I have a large data frame with including several trials. I want a new column with the best trial out of the three. They are strings and should be ordered as good, fair and bad.
df <- data.frame(id = c(1:5),
filler = c("You", "can", "ignore", "this", "one"),
trial1 = c("good", NA, "good", "fair", NA),
trial2 = c("bad", "bad", "fair", "NA", NA),
trial3 = c("bad", "bad", "bad", "bad", NA))
In this example, this would mean for the new column and each ID: good, bad, good, fair, NA
CodePudding user response:
We may use rowwise to loop over the rows, convert the columns that starts_with to factor with levels specified in the custom order and extract the first of the levels after dropping the levels (droplevels)
library(dplyr)
df <- df %>%
rowwise %>%
mutate(new = first(levels(droplevels(factor(c_across(starts_with('trial')),
levels = c('good', 'fair', 'bad')))))) %>%
ungroup
-output
df
# A tibble: 5 × 6
id filler trial1 trial2 trial3 new
<int> <chr> <chr> <chr> <chr> <chr>
1 1 You good bad bad good
2 2 can <NA> bad bad bad
3 3 ignore good fair bad good
4 4 this fair NA bad fair
5 5 one <NA> <NA> <NA> <NA>
Or using pmap
library(purrr)
df %>%
mutate(new = pmap_chr(across(starts_with('trial')),
~ .x[na.omit(match(c('good', 'fair', 'bad'), .x))[1]]))
id filler trial1 trial2 trial3 new
1 1 You good bad bad good
2 2 can <NA> bad bad <NA>
3 3 ignore good fair bad good
4 4 this fair NA bad fair
5 5 one <NA> <NA> <NA> <NA>
Or using collapse
library(collapse)
df$new <- dapply(gvr(df, 'trial\\d '), MARGIN = 1,
FUN = \(x) x[na.omit(match(c('good', 'fair', 'bad'), x))[1]])

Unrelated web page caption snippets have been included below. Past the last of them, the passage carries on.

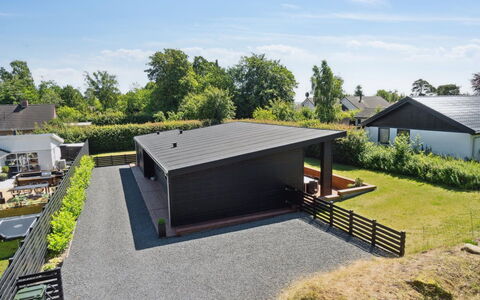 Thorkjell - 350M from the Sea: Wood, Home, Porch, Deck, Hardwood, Roof, Wood Stain, Wood Flooring, Eco Hotel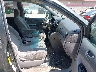 5TDBA23C75S****** Usados y Reparables 2005 Toyota Sienna en Estado de Maine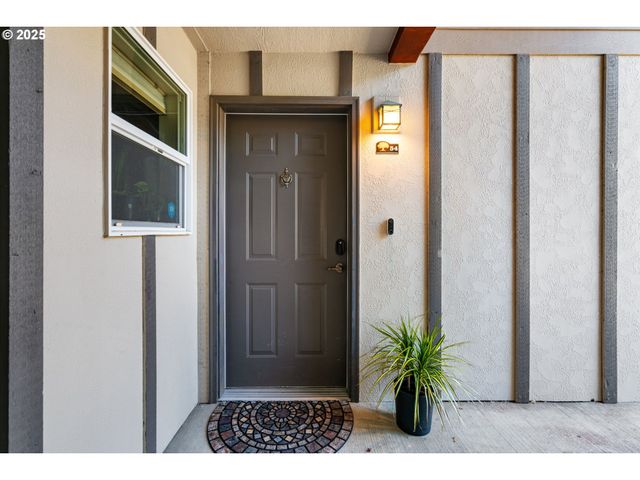 14019 Ne 20th Ave 54G, Vancouver, WA 98686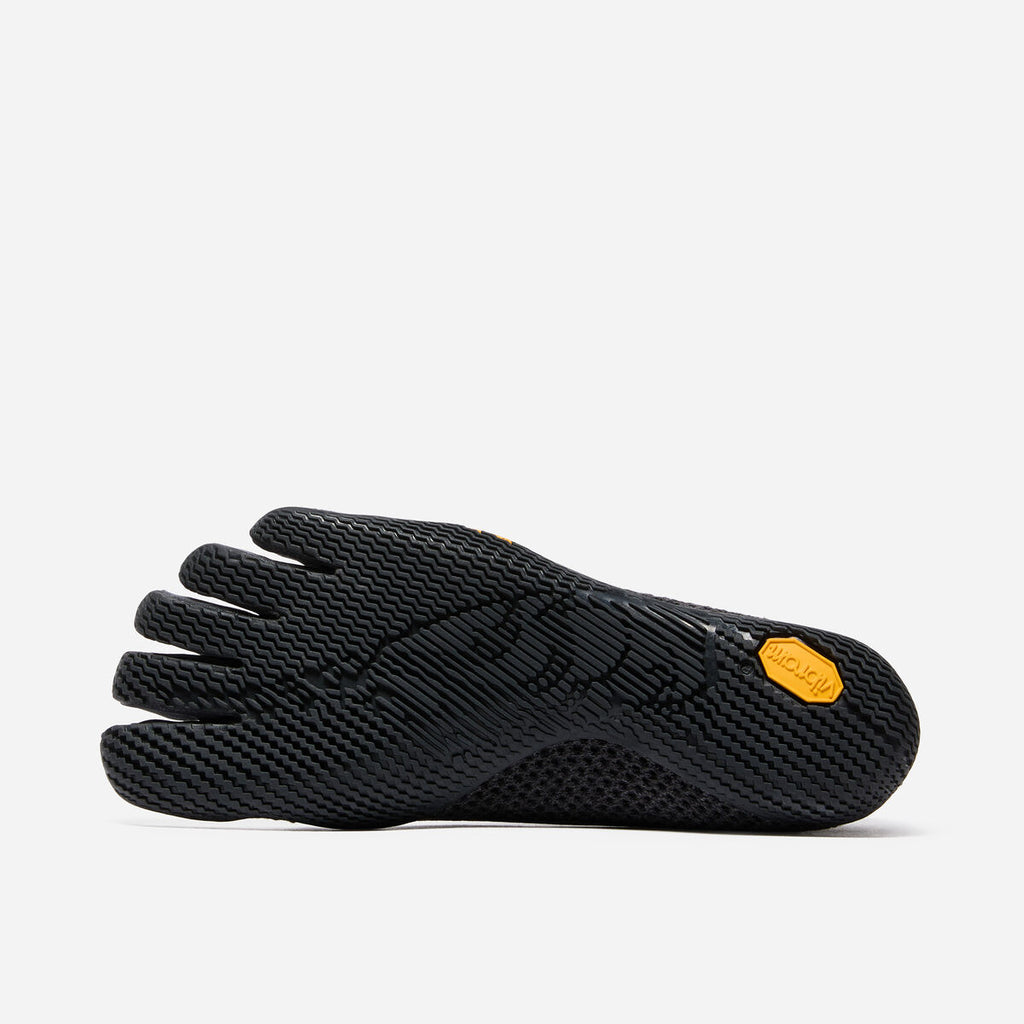 MIMAYA | FiveFingers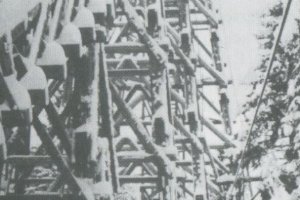 Vor 50 Jahren - Heft 36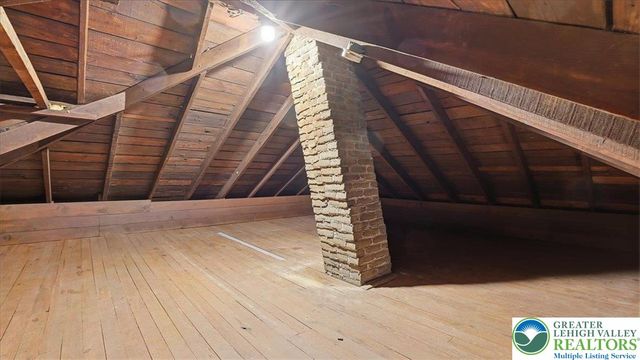 4441 Newburg Road, Lower Nazareth Twp, PA 18064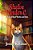 Shelve Under C: A Tale Of Used Books And Cats-.. - Imagem 1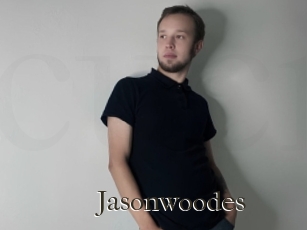 Jasonwoodes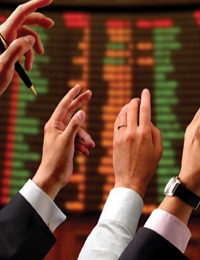 SEC Approves Creation of NASDAQ's BX Venture Market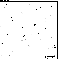 figure461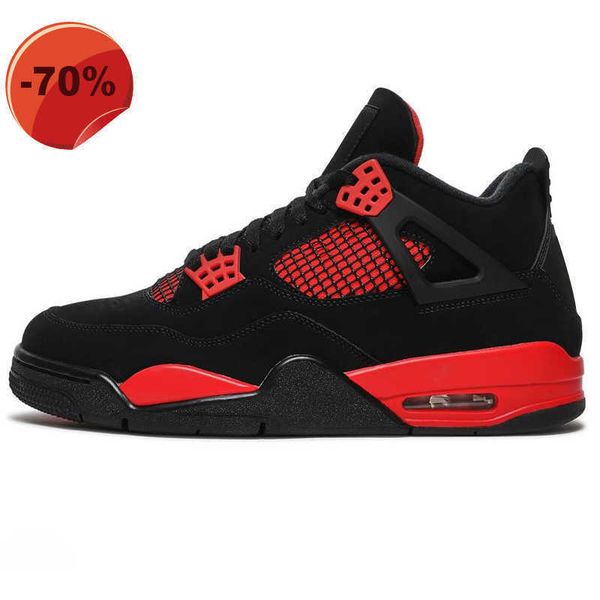 with box jumpman 4 women mens jorden basketball shoes white oreo sail red thunder 4s fire red zen master military black cat university blue
with box jumpman 4 women mens jorden basketball shoes white oreo sail red thunder 4s fire red zen master military black cat university blue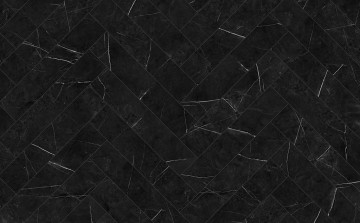 Firmfit   5704 marble black 1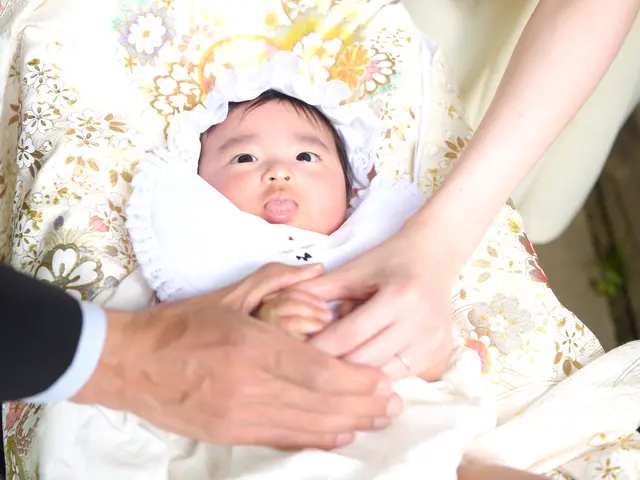 【JBP協会会員】まずはお問い合わせから。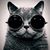 Jo Parker's profile image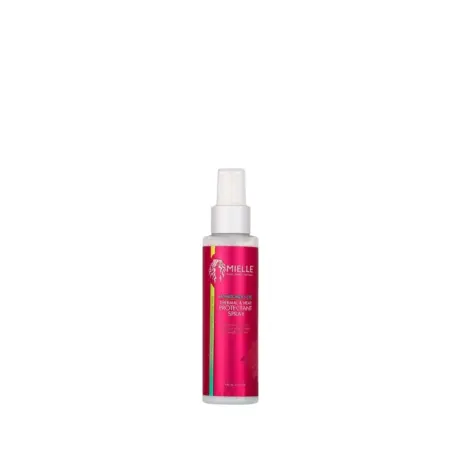 Mielle Organics Mongongo Oil Thermal and Heat Protectant Spray 113ml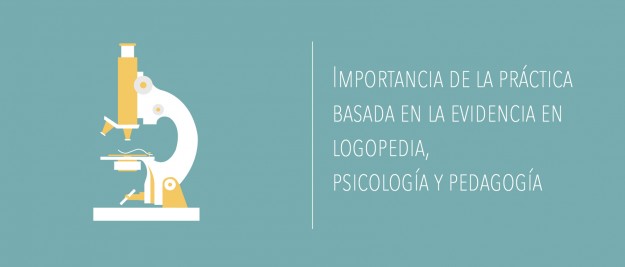 Logopedia-psicología-pedagogía-Institut Trivium-01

CodePudding user response:
Here is a way solving it with pivoting combined with a case_when statement:
library(tidyr)
library(dplyr)
df %>%
pivot_longer(starts_with("trial")) %>%
group_by(id) %>%
mutate(new = case_when("good" %in% value ~ "good",
"fair" %in% value &
!("good" %in% value) ~ "fair",
"bad" %in% value &
!("fair" %in% value) &
!("good" %in% value) ~ "bad",
TRUE ~ NA_character_)) %>%
pivot_wider() %>%
ungroup()
id filler new trial1 trial2 trial3
<int> <chr> <chr> <chr> <chr> <chr>
1 1 You good good bad bad
2 2 can bad NA bad bad
3 3 ignore good good fair bad
4 4 this fair fair NA bad
5 5 one NA NA NA NA
CodePudding user response:
Here's a base R way to do this -
cols <- grep('trial', names(df))
df[cols] <- lapply(df[cols], factor, c('bad', 'fair', 'good'), ordered = TRUE)
df$out <- do.call(pmax, c(df[cols], na.rm = TRUE))
df
# id filler trial1 trial2 trial3 out
#1 1 You good bad bad good
#2 2 can <NA> bad bad bad
#3 3 ignore good fair bad good
#4 4 this fair <NA> bad fair
#5 5 one <NA> <NA> <NA> <NA>
We first change the trial columns to ordered factors and then take rowwise maximum of them to get the max value in each row.